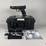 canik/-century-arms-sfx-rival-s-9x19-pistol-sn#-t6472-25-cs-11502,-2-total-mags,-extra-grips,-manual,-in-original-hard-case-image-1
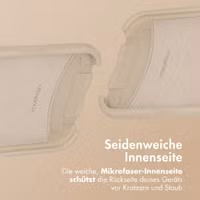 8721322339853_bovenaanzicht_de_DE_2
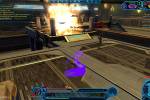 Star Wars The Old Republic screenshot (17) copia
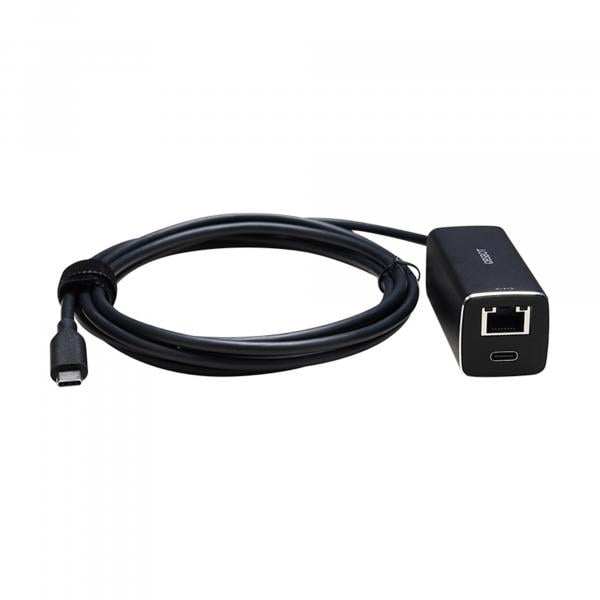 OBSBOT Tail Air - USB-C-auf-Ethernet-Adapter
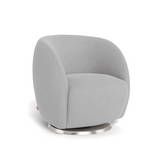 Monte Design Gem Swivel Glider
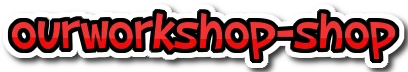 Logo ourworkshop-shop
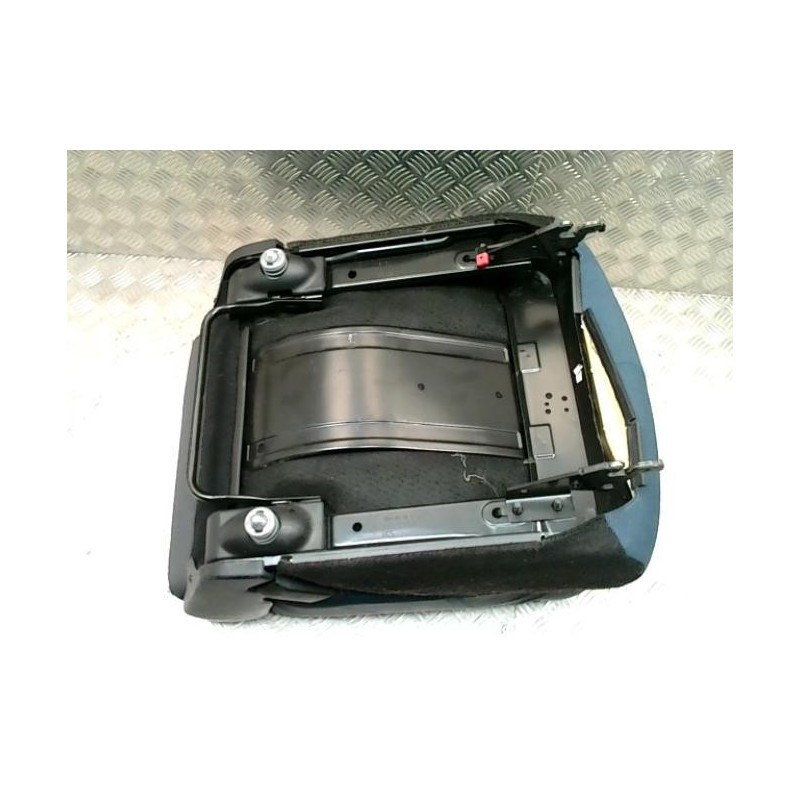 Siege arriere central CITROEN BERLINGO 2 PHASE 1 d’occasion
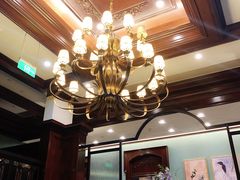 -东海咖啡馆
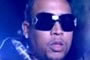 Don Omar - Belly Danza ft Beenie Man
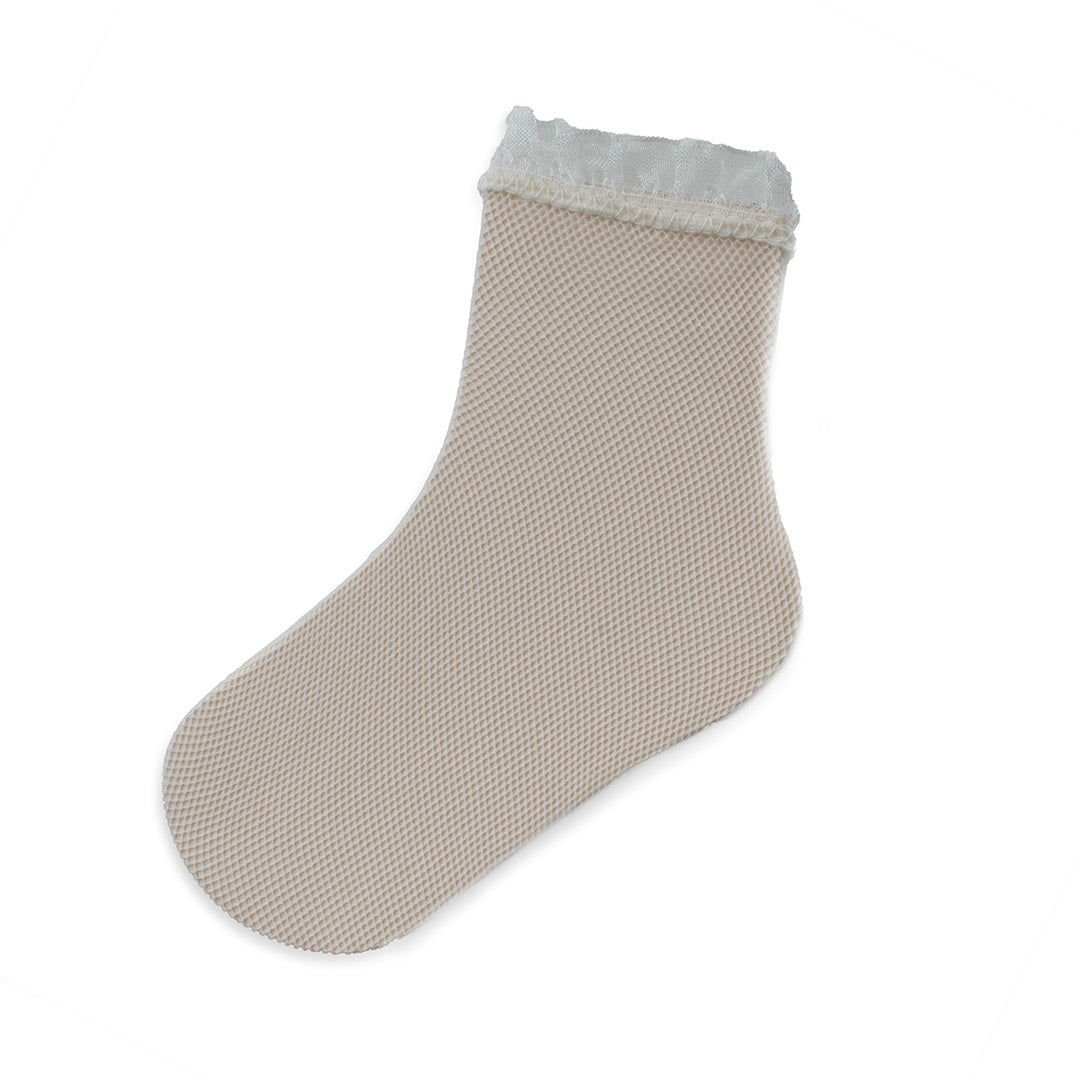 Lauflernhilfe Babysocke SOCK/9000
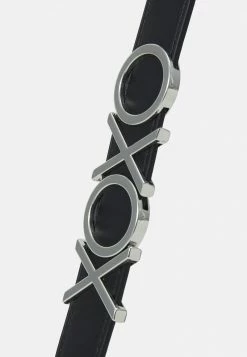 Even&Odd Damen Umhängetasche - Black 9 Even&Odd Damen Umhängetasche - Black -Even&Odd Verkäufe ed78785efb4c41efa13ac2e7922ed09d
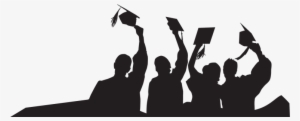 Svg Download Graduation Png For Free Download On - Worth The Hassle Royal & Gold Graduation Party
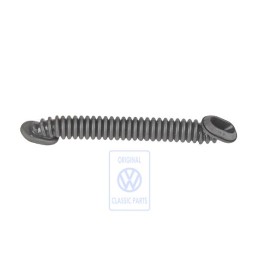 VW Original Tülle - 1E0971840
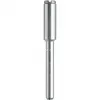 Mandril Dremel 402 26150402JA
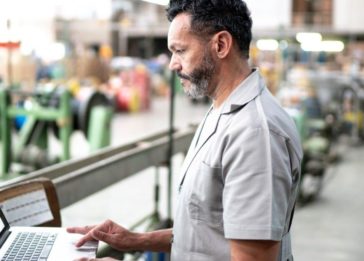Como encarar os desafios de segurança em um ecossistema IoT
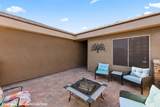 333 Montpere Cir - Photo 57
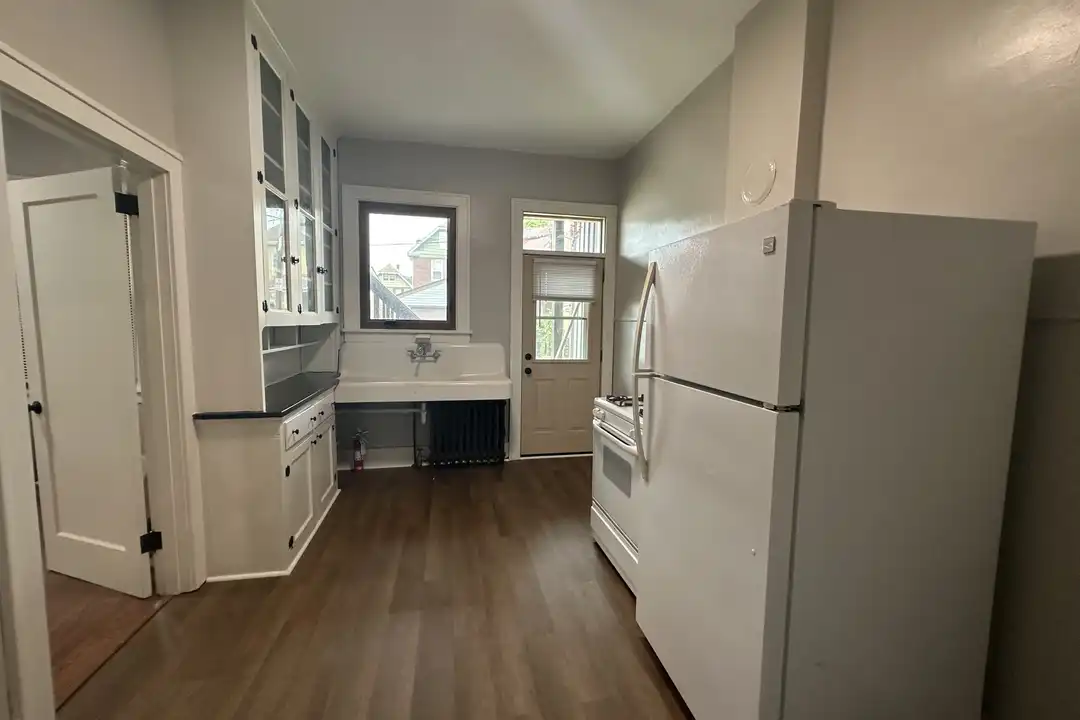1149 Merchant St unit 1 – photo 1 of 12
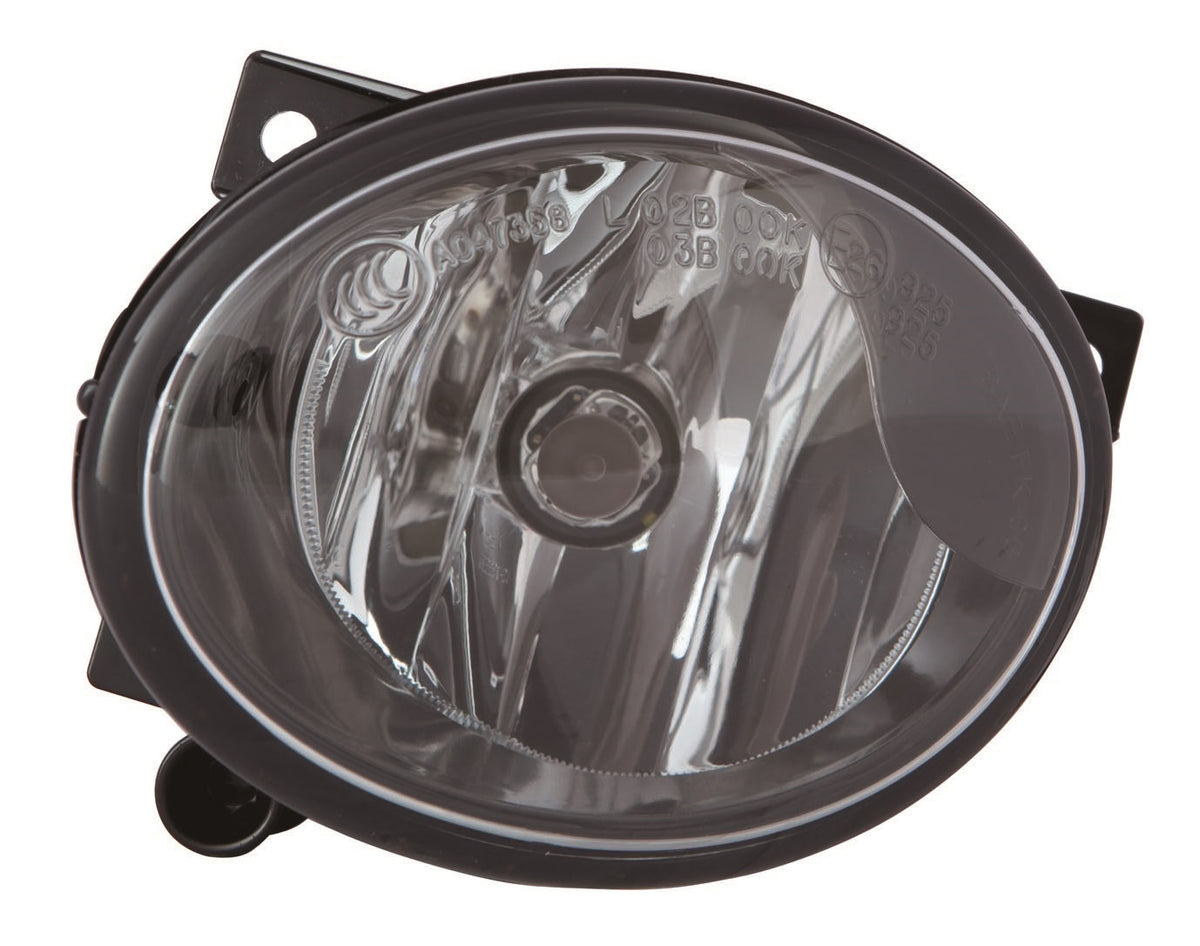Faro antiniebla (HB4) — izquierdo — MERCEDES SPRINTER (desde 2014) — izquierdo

§ Required work:
Precisely the lines from the one containing "1149 Merchant St unit 1 – photo 1 of 12" to the end of the data above, both included, should be printed; leave the pictures out.

§ Answer space:
1149 Merchant St unit 1 – photo 1 of 12
Faro antiniebla (HB4) — izquierdo — MERCEDES SPRINTER (desde 2014) — izquierdo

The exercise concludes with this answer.